MURSITPINAR, Turkey: Kurdish forces in the Syrian town of Kobane repulsed a new attempt by Islamic State (IS) fighters to cut off the border with Turkey on Saturday (Sunday in Manila) as troops battled the jihadists in neighboring Iraq.
It came as the US military said it had unleashed 25 more air strikes in Syria and Iraq since Friday, hitting IS jihadists and oil infrastructure they control.
But while Washington said it saw “encouraging” signs, it warned the raids might not prevent the fall of Kobane, and its priority remained the campaign against IS in Iraq.
Despite a wave of coalition air strikes in recent weeks, Iraqi forces are struggling to regain and hold ground from jihadists.
As fighting raged, Iraqi members of parliament finally agreed on the choices of defense and interior ministers to spearhead the pushback, in a moved welcomed as a “very positive step forward” by US Secretary of State John Kerry.
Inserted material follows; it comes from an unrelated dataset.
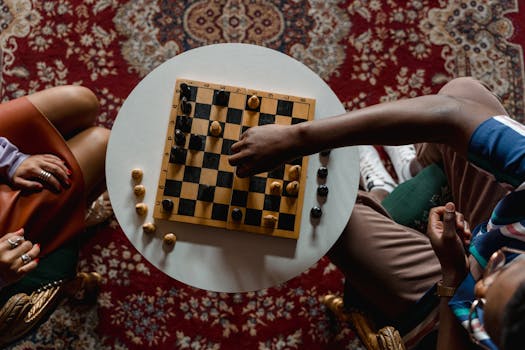 Top view of two people playing chess indoors on a round table.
Heavy IS mortar fire hit the Syrian side of the border crossing with Turkey which is the Kurdish fighters’ sole avenue for resupply and the only escape route for remaining civilians, Kurdish official Idris Nassen told Agence France-Presse.
At least three rounds crashed onto Turkey’s side of the border, one of them near a hill where the Turkish army is deployed, an AFP correspondent at the scene said.
The jihadists launched a fierce attack from the east towards the border gate before being pushed back, Nassen said.
IS suffered heavy losses in the fighting and was forced to send in reinforcements, the Syrian Observatory for Human Rights said.
The jihadists lost 21 of their people to air strikes and another 14 in ground fighting on Friday, the Britain-based monitoring group said. The Kurds lost three of their fighters.
United Nations Syria envoy Staffan de Mistura warned earlier this month that about 12,000 civilians remained in and around Kobane and risked “massacre” if the jihadists cut off the border.
Overnight coalition air strikes on IS targets elsewhere in Syria killed 10 civilians, the said the Observatory, which has a wide network of sources inside the country.